* **Records provided**:
# # # # #

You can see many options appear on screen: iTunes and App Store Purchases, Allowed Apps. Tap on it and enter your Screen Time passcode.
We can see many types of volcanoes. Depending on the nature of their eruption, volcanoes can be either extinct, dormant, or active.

# # # # #

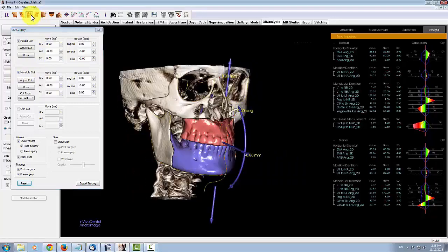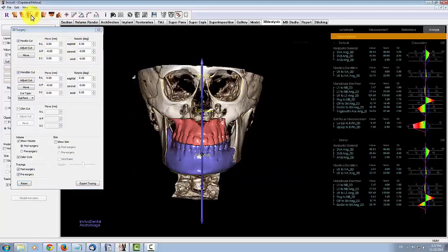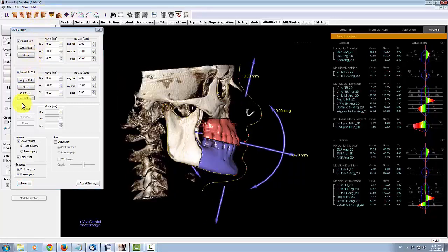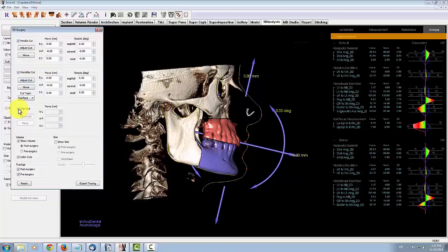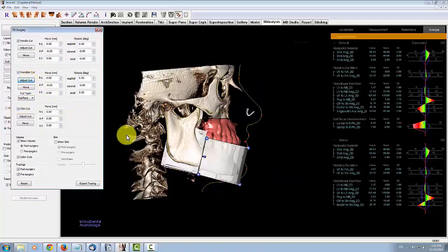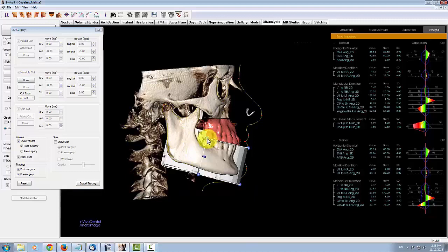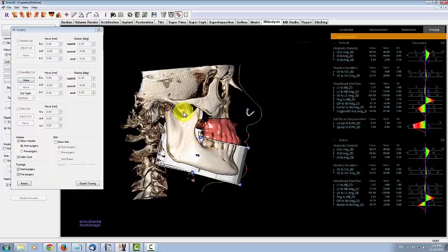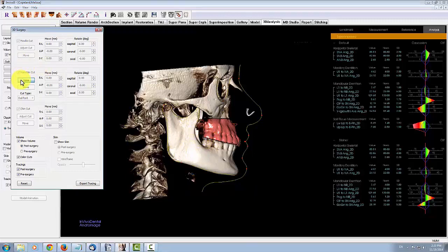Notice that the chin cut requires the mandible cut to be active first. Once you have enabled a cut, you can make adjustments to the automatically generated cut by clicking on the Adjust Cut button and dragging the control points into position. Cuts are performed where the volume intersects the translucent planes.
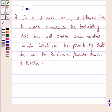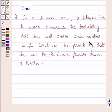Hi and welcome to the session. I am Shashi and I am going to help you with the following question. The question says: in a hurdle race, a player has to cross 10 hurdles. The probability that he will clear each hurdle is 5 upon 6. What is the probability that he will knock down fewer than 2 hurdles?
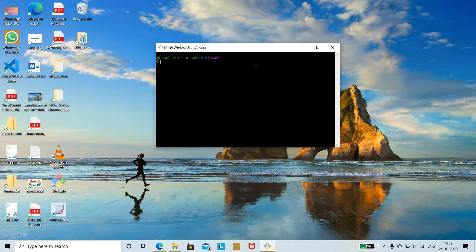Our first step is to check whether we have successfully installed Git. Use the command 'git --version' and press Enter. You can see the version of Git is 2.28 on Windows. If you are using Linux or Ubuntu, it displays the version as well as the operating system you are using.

# # # # #

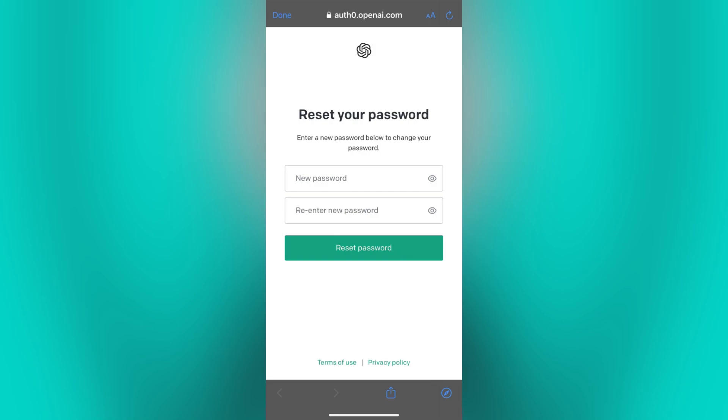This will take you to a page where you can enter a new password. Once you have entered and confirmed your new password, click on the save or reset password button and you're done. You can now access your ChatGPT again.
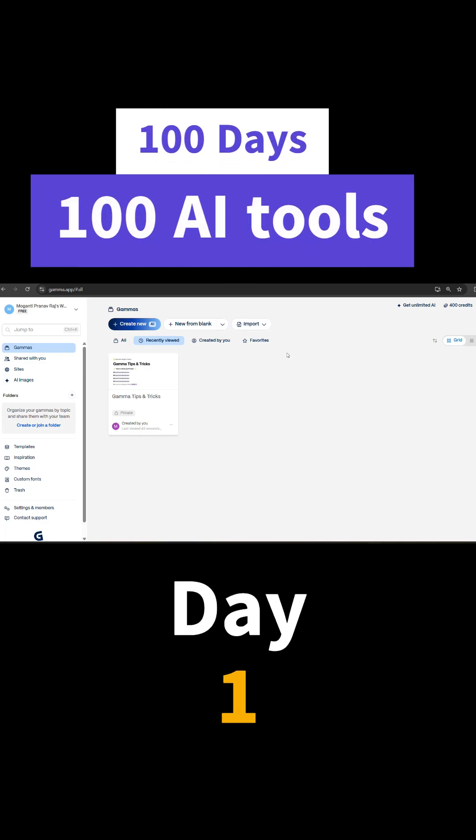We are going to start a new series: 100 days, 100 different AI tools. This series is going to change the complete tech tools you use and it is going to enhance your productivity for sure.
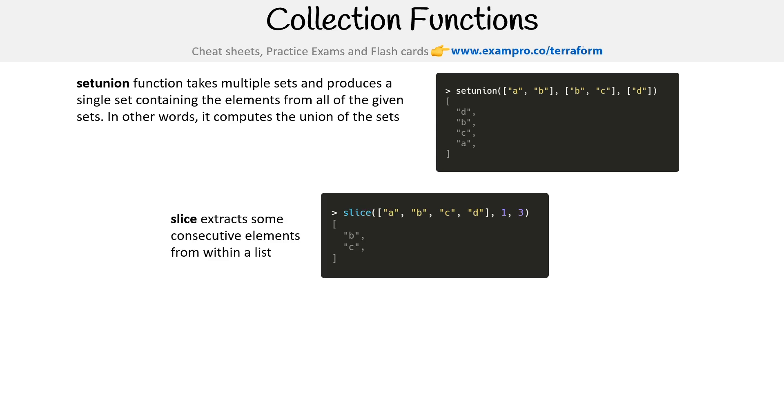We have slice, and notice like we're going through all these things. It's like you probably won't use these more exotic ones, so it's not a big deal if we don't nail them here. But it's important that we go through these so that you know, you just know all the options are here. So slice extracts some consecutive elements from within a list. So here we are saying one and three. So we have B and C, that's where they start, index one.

# # # # #

* **Exercise objective**: Leave out every line above except those from the line with "You can see many" up to and including the line with "We can see many", and copy those exactly.

* **Result of the task**:
You can see many options appear on screen: iTunes and App Store Purchases, Allowed Apps. Tap on it and enter your Screen Time passcode.
We can see many types of volcanoes. Depending on the nature of their eruption, volcanoes can be either extinct, dormant, or active.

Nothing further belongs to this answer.